A company that wants to operate a wind farm in eastern North Carolina must do an environmental impact study before the North Carolina Department of Commerce will approve its application for a permit to build 49 wind turbines on 11,000 acres in northern Beaufort County.
The agency has crafted a “joint-proposed order” to allow Panteo Wind Energy, a subsidiary of the Chicago-based Invenergy, to permit the construction if the EIS does not turn up any major problems.
The agency has also handed evaluation of the EIS to the U.S. Fish and Wildlife Service, the U.S. Army Corps of Engineers and the N.C. Department of Environment and Natural Resources.
Opponents of the proposed wind-farm cite the failure of other such facilities to create affordable energy, as well as the potential damage to the environment – especially with the Pocosin Lakes National Wildlife Refuge and its thousands of waterfowl, plus federally protected bald eagles, within a few miles of the site.

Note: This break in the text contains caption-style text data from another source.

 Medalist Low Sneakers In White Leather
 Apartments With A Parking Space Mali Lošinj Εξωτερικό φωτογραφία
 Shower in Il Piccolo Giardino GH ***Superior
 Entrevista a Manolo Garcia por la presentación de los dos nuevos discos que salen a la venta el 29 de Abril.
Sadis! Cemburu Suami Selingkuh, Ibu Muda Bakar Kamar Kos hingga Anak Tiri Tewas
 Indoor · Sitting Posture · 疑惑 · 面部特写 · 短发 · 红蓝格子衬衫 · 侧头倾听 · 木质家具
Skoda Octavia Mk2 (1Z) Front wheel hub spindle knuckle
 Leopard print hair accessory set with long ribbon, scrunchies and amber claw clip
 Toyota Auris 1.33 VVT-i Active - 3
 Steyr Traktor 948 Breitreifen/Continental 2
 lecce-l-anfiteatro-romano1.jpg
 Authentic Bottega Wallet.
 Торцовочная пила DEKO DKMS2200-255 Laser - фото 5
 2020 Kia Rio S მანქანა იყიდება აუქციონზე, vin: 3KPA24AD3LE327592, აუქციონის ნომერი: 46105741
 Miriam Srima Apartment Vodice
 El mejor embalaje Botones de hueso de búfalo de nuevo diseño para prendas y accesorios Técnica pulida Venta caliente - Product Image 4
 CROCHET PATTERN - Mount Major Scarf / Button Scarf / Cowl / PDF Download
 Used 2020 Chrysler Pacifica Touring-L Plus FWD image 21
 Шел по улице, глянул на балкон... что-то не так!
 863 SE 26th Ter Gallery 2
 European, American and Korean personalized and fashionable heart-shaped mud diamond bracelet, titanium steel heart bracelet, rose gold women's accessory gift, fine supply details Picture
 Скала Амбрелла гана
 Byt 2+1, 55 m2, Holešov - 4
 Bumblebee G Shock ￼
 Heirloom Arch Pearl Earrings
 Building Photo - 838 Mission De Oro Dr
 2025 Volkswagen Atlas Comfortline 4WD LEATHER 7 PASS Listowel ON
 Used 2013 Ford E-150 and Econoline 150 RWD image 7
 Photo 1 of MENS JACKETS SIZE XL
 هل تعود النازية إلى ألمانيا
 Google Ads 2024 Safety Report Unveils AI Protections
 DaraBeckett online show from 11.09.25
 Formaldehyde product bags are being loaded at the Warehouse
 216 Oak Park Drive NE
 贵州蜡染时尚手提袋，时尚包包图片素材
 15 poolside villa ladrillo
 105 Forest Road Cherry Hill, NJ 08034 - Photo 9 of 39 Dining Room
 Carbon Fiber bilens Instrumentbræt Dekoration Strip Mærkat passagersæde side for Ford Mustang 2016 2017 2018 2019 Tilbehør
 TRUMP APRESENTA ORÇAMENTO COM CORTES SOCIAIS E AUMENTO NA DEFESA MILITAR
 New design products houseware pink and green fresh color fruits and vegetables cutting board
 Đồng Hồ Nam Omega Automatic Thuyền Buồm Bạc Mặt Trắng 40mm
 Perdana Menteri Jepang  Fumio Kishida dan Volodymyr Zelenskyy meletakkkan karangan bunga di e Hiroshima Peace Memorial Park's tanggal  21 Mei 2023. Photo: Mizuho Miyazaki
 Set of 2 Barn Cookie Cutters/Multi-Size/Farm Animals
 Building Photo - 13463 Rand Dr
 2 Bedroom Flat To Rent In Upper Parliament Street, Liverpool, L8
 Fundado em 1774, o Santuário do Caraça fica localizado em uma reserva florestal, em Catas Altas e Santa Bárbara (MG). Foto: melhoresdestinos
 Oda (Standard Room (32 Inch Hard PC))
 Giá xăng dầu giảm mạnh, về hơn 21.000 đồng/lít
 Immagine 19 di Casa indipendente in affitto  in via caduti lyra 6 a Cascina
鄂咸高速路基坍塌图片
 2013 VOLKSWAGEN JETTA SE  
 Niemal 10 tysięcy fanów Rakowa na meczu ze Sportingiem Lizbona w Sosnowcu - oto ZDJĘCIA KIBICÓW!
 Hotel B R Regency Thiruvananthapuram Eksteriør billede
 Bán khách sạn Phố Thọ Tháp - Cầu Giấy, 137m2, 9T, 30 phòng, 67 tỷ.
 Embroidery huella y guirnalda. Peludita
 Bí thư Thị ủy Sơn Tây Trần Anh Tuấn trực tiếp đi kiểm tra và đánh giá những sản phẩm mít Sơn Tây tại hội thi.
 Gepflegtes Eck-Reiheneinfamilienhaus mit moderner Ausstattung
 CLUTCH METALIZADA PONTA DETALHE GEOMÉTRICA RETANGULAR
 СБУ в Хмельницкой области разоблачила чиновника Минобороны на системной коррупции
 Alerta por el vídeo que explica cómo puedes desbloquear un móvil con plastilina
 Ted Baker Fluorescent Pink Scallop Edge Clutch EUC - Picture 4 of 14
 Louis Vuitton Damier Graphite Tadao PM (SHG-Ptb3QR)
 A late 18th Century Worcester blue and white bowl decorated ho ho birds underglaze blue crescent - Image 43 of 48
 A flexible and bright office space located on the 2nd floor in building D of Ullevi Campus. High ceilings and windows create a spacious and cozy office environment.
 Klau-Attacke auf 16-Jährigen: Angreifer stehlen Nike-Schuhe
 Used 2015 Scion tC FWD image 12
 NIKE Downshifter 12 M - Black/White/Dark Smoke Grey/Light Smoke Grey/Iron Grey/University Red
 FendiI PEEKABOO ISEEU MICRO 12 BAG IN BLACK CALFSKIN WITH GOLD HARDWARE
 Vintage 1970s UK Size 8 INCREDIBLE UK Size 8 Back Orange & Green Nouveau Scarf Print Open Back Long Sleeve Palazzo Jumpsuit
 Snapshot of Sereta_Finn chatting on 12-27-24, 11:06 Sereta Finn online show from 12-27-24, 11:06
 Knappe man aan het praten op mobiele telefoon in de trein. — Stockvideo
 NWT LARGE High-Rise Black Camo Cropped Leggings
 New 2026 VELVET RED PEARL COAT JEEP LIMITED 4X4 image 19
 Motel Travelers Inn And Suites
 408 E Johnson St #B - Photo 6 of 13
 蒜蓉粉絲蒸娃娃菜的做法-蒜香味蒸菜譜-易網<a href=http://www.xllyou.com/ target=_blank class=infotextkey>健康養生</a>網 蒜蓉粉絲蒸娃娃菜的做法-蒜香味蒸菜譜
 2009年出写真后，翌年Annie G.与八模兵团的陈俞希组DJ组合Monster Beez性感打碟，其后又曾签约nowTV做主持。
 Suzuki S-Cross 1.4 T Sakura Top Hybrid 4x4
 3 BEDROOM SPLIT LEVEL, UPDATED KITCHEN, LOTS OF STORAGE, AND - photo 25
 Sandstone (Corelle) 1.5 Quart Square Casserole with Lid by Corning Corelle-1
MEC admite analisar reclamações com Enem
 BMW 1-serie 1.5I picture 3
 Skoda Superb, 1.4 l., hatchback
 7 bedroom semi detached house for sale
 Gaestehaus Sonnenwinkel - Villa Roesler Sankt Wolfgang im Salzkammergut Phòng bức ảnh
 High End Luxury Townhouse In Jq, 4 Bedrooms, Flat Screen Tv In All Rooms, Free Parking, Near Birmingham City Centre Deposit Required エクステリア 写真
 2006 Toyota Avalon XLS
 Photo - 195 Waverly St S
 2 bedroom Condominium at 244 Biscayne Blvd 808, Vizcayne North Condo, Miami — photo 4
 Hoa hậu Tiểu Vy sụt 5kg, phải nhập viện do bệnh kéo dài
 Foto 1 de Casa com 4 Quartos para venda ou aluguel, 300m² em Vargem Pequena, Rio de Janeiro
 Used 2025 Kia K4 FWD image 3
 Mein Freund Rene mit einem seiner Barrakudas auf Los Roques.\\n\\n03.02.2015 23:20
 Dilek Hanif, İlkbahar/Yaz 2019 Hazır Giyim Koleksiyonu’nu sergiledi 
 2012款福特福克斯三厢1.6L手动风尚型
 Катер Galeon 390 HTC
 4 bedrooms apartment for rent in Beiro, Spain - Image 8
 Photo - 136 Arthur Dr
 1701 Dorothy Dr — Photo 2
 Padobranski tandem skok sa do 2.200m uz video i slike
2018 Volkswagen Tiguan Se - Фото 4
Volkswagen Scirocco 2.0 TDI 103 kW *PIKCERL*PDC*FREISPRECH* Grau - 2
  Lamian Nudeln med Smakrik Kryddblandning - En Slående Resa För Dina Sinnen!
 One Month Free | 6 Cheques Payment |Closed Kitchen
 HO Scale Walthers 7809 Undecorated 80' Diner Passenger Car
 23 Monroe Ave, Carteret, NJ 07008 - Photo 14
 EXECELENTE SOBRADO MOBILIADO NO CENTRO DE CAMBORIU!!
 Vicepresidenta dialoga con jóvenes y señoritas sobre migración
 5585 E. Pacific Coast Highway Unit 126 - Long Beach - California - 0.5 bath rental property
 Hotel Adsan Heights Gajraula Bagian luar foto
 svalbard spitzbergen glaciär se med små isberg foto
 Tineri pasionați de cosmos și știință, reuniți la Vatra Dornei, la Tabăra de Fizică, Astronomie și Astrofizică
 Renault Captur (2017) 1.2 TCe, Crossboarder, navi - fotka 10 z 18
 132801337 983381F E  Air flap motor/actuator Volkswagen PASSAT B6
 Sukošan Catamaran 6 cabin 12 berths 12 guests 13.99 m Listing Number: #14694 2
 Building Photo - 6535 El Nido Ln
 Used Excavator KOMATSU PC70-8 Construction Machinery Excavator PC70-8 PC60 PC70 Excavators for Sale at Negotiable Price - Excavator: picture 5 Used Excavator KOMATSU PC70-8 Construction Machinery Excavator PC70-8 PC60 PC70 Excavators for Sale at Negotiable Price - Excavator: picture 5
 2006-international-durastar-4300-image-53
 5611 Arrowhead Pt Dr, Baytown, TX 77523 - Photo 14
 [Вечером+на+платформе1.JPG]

“I’ve seen thousands of (tundra) swans and geese landing at the (proposed wind-farm site) to feed,” said Joe Albea, who produces and photographs two outdoors-related television shows on UNC-TV. “Who knows how many birds the windmill blades would kill?”
John Droz Jr., a Morehead City physicist, has conducted extensive studies of wind farms. He is not, pun intended, a fan.
“The only legitimate reason industrial wind power should exist today is for it to live up to its promoter’s assurances that it will meaningfully help reduce greenhouse gas emissions,” he said. “However, in almost all cases, wind-power development is instead sold to a community based on the financial incentives offered by the developers.”
One of PWE’s big sales points to Beaufort County is that it will receive a huge boost in tax revenues, and that residents who sell land to be used in the wind-farm site will receive millions of dollars.
“Whether an alternative/renewable is acceptable is a highly technical matter that should be decided on the basis of a comprehensive, independent, objective and transparent evaluation of three key conditions: its technical performance, the economics of the power produced and its full environmental impact,” Droz said. “All independent evidence to date indicates industrial wind power fails on all three of these critical counts.”
Droz cites dozens of studies that show wind power, while promoted tirelessly as “green,” hasn’t worked out well for the environment, taxpayers or as a significant power generator when the bottom line is calculated.